**Description of the task:** Only the lines from the one that contains "Wincor Nixdorf ATM" to the last line below, both included, should be transcribed. Pictures stay out of the copy.

=== Begin Enclosure ===

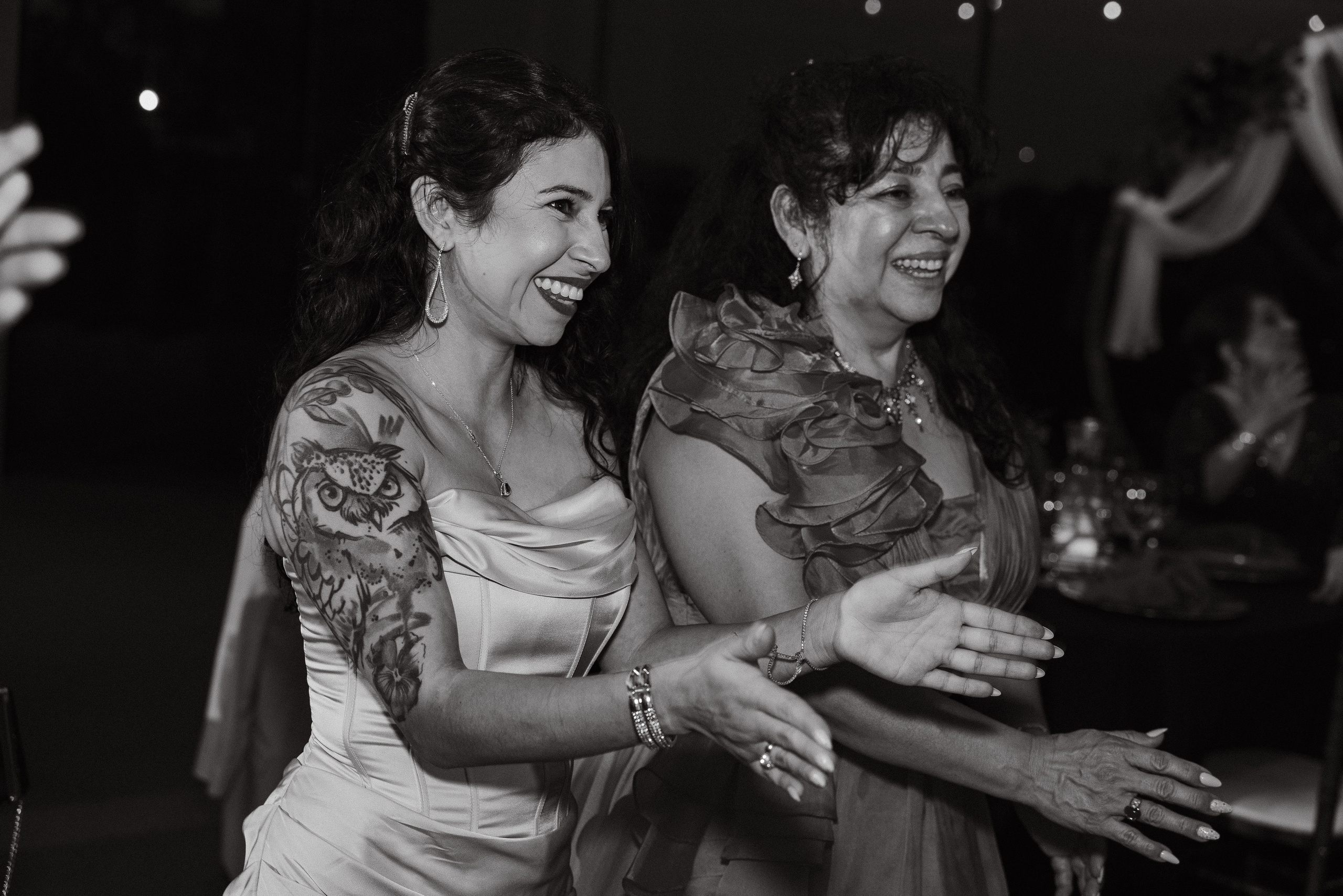 Essi & Auzy. Portrait, family, maternity & wedding photography & videography in SoCal Kseni Vibe/Weddings by KArt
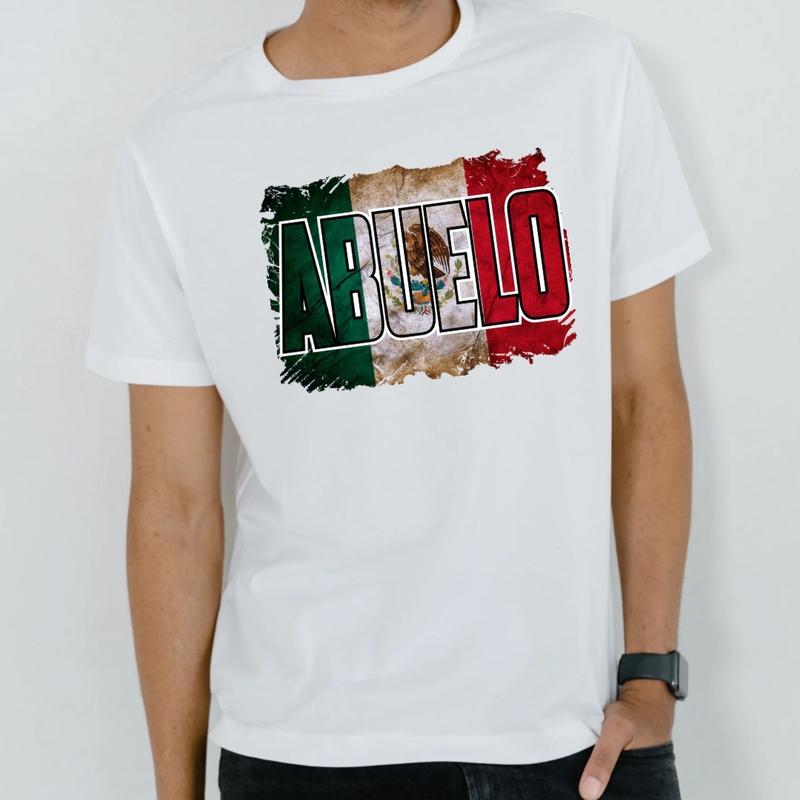 Abuelo TSHIRT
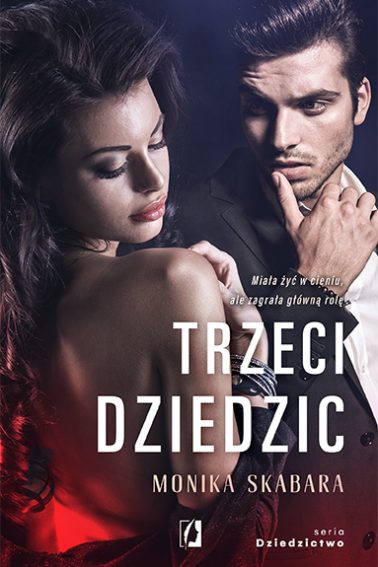 Trzeci dziedzic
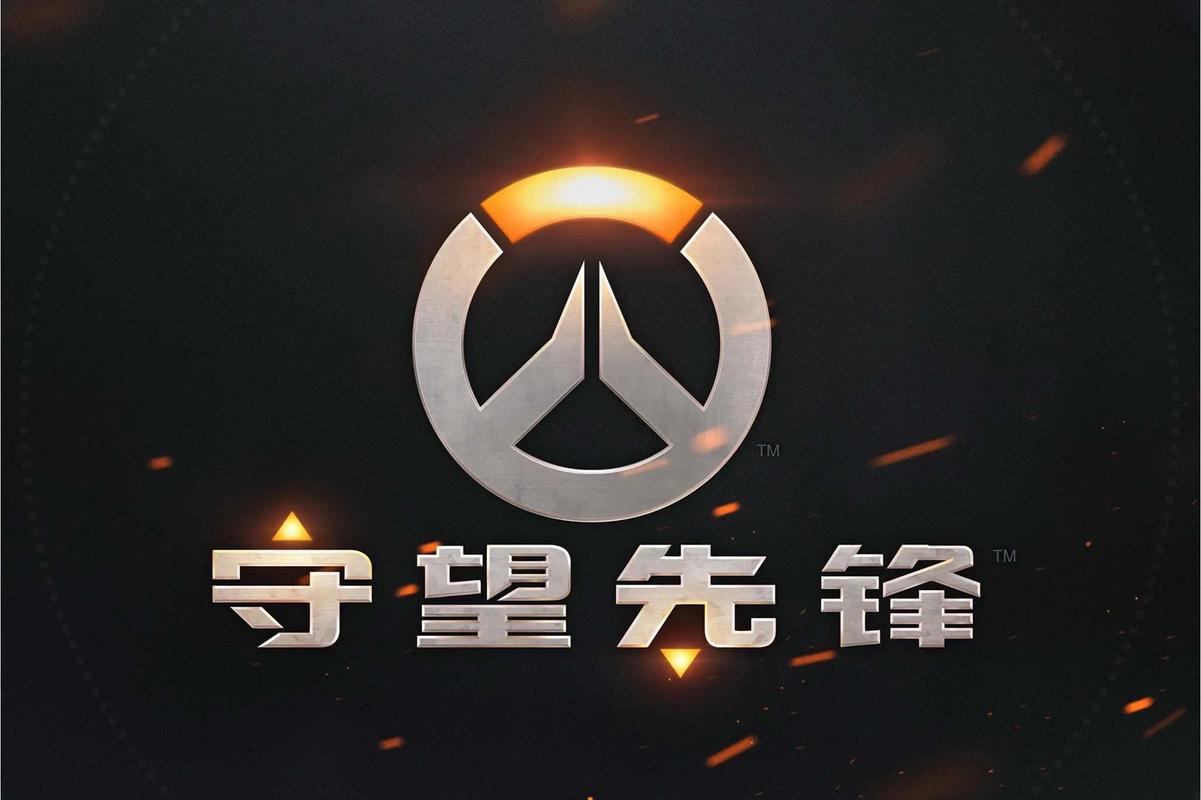 地位不仅仅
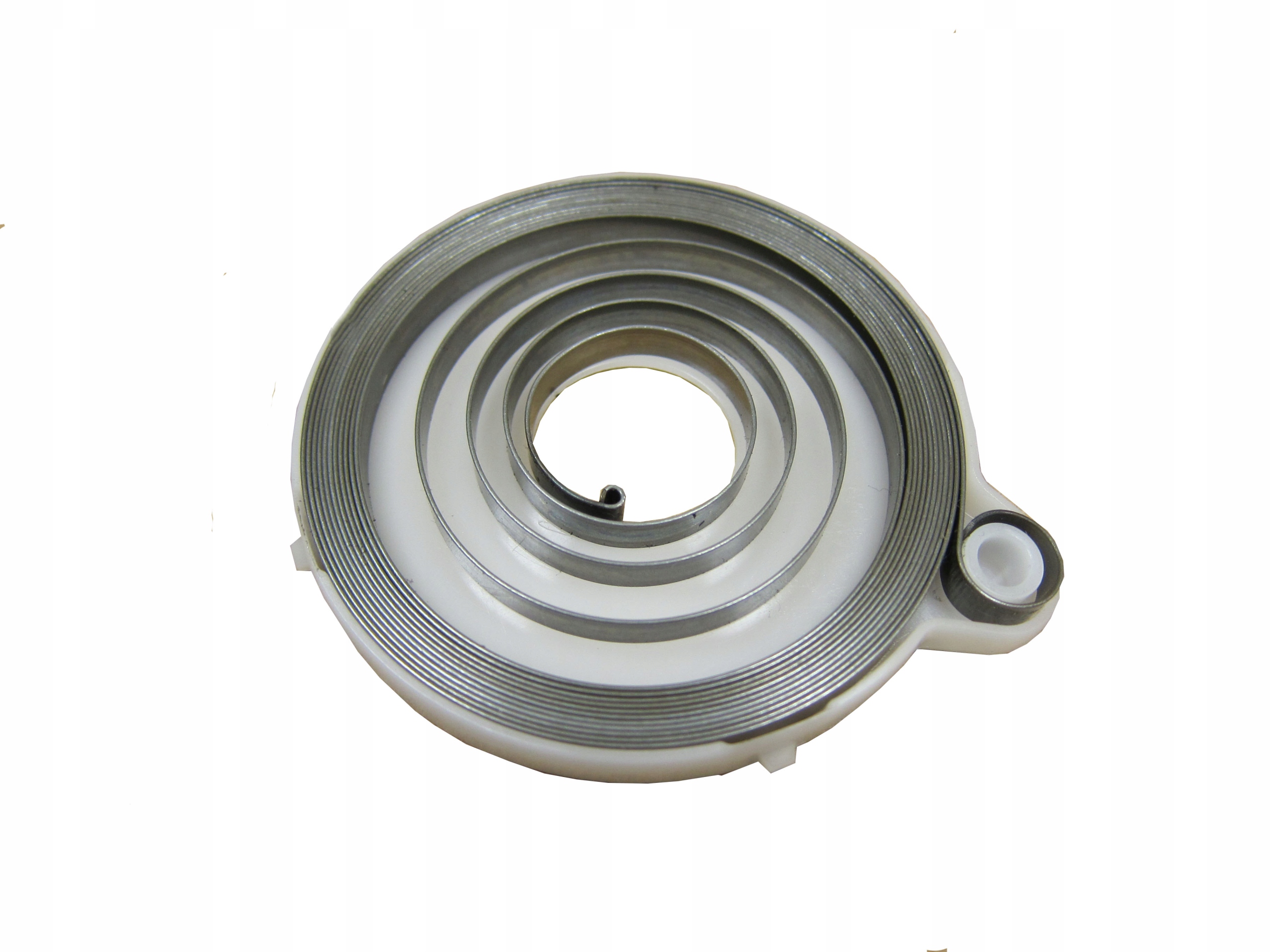 

Makita Sprężyna Do Piły Spalinowej EK6101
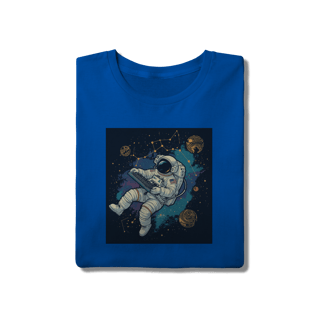 Nome do produtoAI-Powered Tees #003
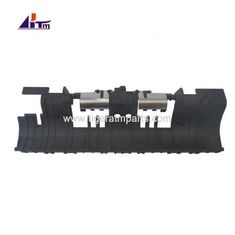 Wincor Nixdorf ATM Ricambi CDM-V5 Cash Guide XE 1750215294-27 1750180272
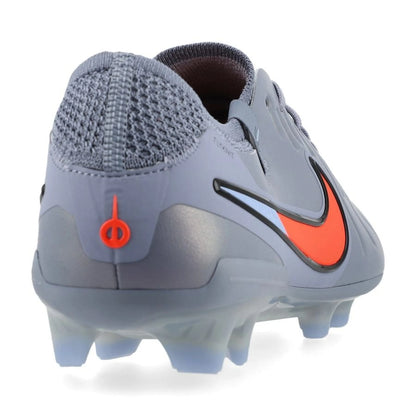 Nike Tiempo Legend 10 Elite FG "Scary Good"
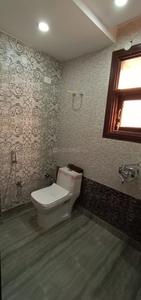Project Image of 630.0 - 900.0 Sq.ft 2 BHK Apartment for buy in Kushwaha Luxury Homes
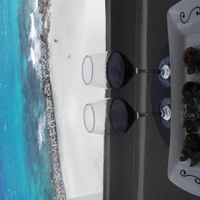 Luna de miel en Cancún - 4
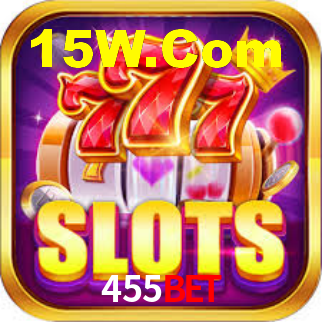 455Bet - App Compatibility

=== End Enclosure ===

**Written solution:**
 Wincor Nixdorf ATM Ricambi CDM-V5 Cash Guide XE 1750215294-27 1750180272
 Nike Tiempo Legend 10 Elite FG "Scary Good"
Project Image of 630.0 - 900.0 Sq.ft 2 BHK Apartment for buy in Kushwaha Luxury Homes
 Luna de miel en Cancún - 4
 455Bet - App Compatibility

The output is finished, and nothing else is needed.